By the mid-1990s construction had finally commenced on the Jewish Museum, but the project remained under fire, and it might not have been completed had not W. Michael Blumenthal come to the rescue in 1997 as the museum’s first director. In some ways Blumenthal seemed an unlikely choice. He was not a German citizen and he had no experience in museum administration. But in fact his background—and even more his personal skills—suited him perfectly for the job. Born in Oranienburg in 1926, he had grown up in Berlin and fled with his family to Shanghai in 1939 to escape Hitler’s persecution. Moving to America in 1947, he went on to become an adviser to Presidents Kennedy and Johnson, and finance minister under President Jimmy Carter. This was a man who knew about money—how to raise it and how to spend it. As an American, he had a useful impatience with German pedantry and title-mania, telling astounded Germans not to call him “Dr. Blumenthal,” since he “didn’t know how to repair sick stomachs.” Most importantly, as a partial outsider who commuted between Berlin and Princeton, Blumenthal could more effectively mediate between the feuding factions in Berlin’s Jewish community than an insider.

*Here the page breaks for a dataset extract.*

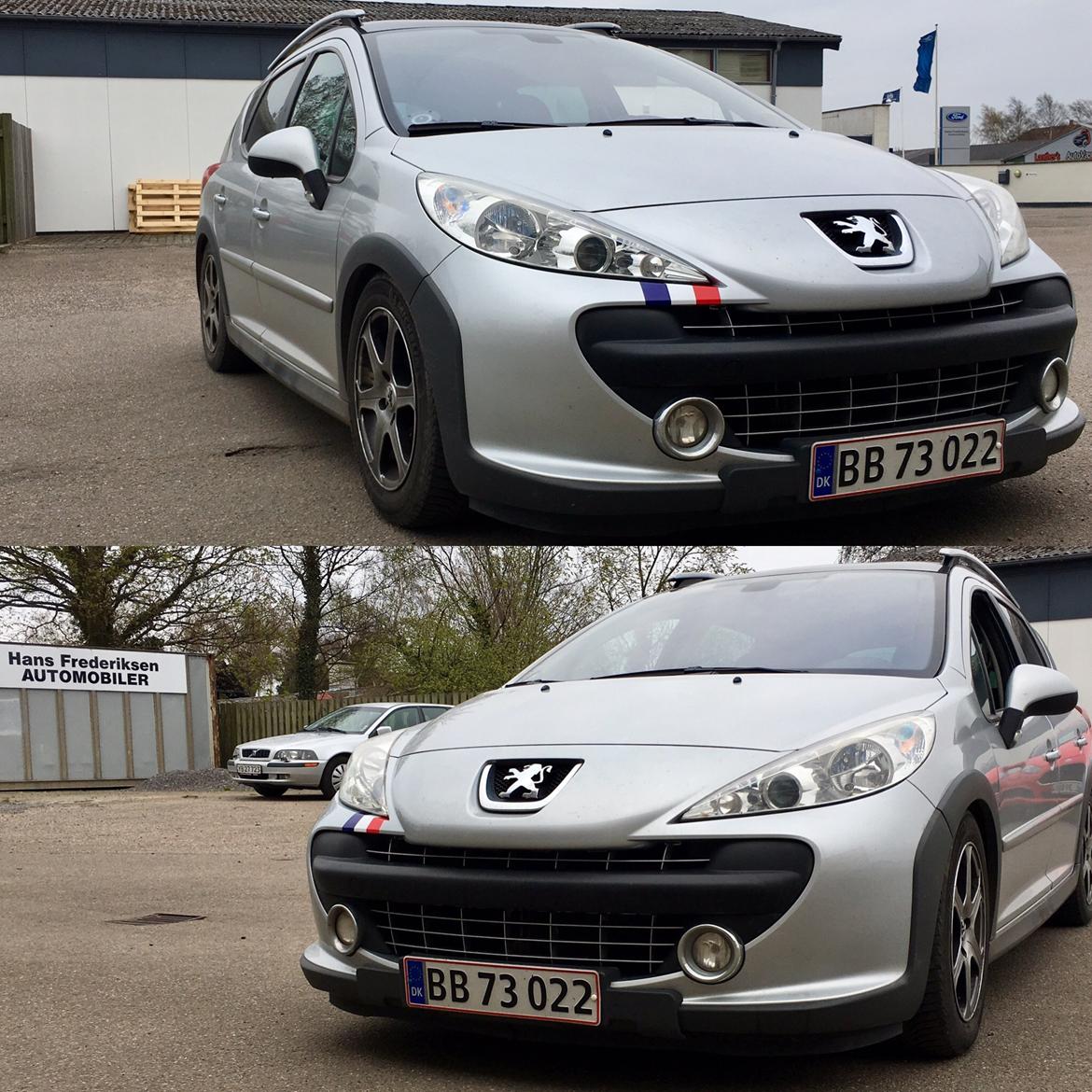 Peugeot 207 SW Outdoor Premium billede 8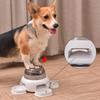 Dog Feeder Bowl Interactive Dog Feeder Pop Up Cat Dog Food Toy Slow Feeding Snack Dispenser Bowl Training Dogs Feeding Bowls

On January 23, 1999, the Jewish Museum, though still empty, opened for inspection with a spectacular fund-raising dinner. One might have thought that few Germans, even well-heeled ones, would pay DM 25,000 ($14,800) a table to sit in an empty building. But many of Germany’s leaders, including Chancellor Schröder and three of his cabinet ministers, showed up, as did an array of bankers and corporation executives. This led one commentator to label the opening “the first glittering prelude to the Berlin Republic.” Blumenthal’s promotional skills undoubtedly had something to do with this. So, perhaps, did a desire on the part of the bankers and executives, whose organizations were facing charges of having exploited slave labor during the war, to polish their image. But it also seems probable that the bitter controversy surrounding the Holocaust memorial, with all its talk of “moving on” and being “neither better nor worse” than any other nation, prompted some soul-searching among Germany’s political and economic leaders. What better place than in a museum, and in a Jewish Museum at that, for the national elite to make manifest that the new Germany would not attempt to “draw a line under the past?”